The Government, allegedly, has been selling Honours to its dwindling number of wealthy supporters, in order to stave of bankruptcy of the Party. There is nothing new in such accusations; or in the actuality. Lloyd George sold peerages to businessmen, and to salve the consciences of husbands cuckolded by his intemperance. Wilson at least had the good manners [and sense] to wait until his last Honours list to hand out the goody bags. But in recent years we have lost the habit of expecting, or demanding, better.

What makes it so galling this time round is, as you might imagine, spin.

The police are conducting a lengthy, detailed, and extremely sensitive investigation into corruption that goes to the very top of the legislature; the Prime Minister has been interviewed twice, Lord Levy [responsible for party fund-raising!] arrested twice. If charges are eventually brought to court, it will shatter the remaining, frail faith in Britain’s democratic processes; it will be our Watergate.
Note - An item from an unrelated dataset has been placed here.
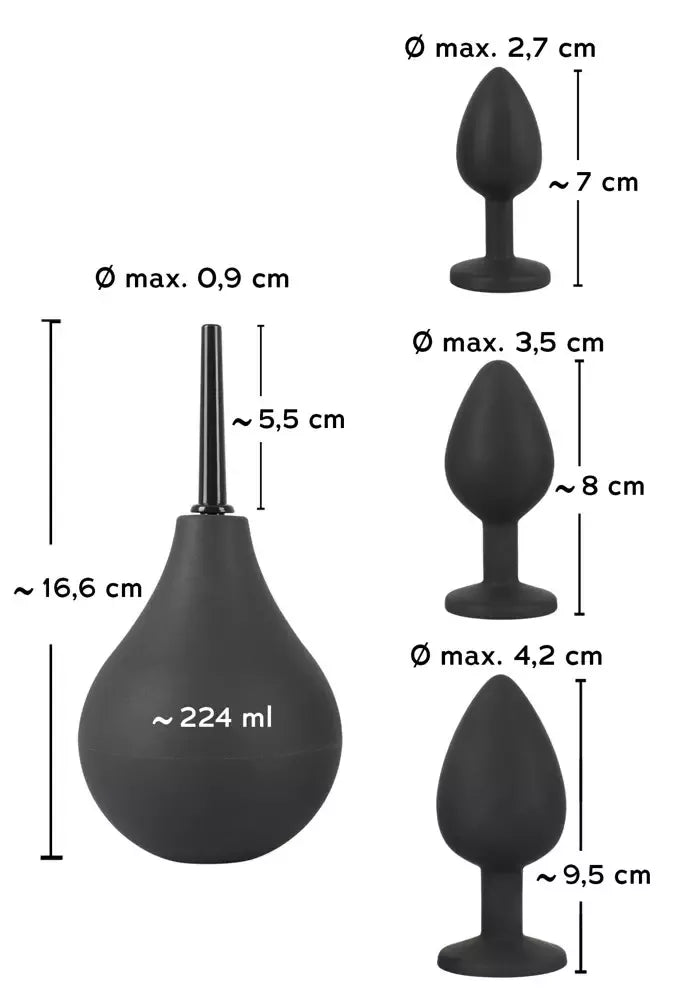 Black Velvets Anal Kit – silikoninis rinkinys su dušu ir dekoratyviniais kamščiais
And yet No. 10 has put forward an anonymous aide [and these things, we can be sure, don’t happen without detailed planning] to complain about the delays in the investigation, led by Assistant Commissioner John Yates. The investigation, says the spokesman, “is blight on all politics, not just on the Labour Party”. Consequently, No 10 says it has no credence in what the police say, because the investigation has taken some five months longer than anticipated, or desired.

Assistant Commissioner Yates is compared by the pro-government media to Kenneth Starr, the monomaniacal Special Prosecutor hounding Bill Clinton out of the White House, like a modern day Witchsmeller Pursuivant. This seems at best unlikely; at worst a deliberate attempt to pervert the course of justice by questioning the professional authority of the investigating detective.

Perhaps, we humbly suggest to you, the blight poisoning the democratic bloodstream of British politics is the politicians themselves. Things are bad enough if they can’t recognise that; they are totally lost if politicians are maliciously undermining the forces of law and order.

Power, they say, corrupts; and absolute power corrupts absolutely.

Andrew Mishmash

3 comments:

Steerforth said...

Absolutely. We need to introduce state funding for political parties and ban this archaic system of petronage.

Anonymous said...

Let me get this right, as a taxpayer I have to pay political parties that i want nothing to do with, and pay for these clowns try to get in to office. Why don't we make open,companies,people can pay as much as they want and all put on the open record. Put taxpayers money where it should be put,at the moment cuts in healthcare ,schools, etc and you want more of the cake to pay for a political party. My life!!!!

Anonymous said...

Better still, ban the Parties and make all the MPs indipendant.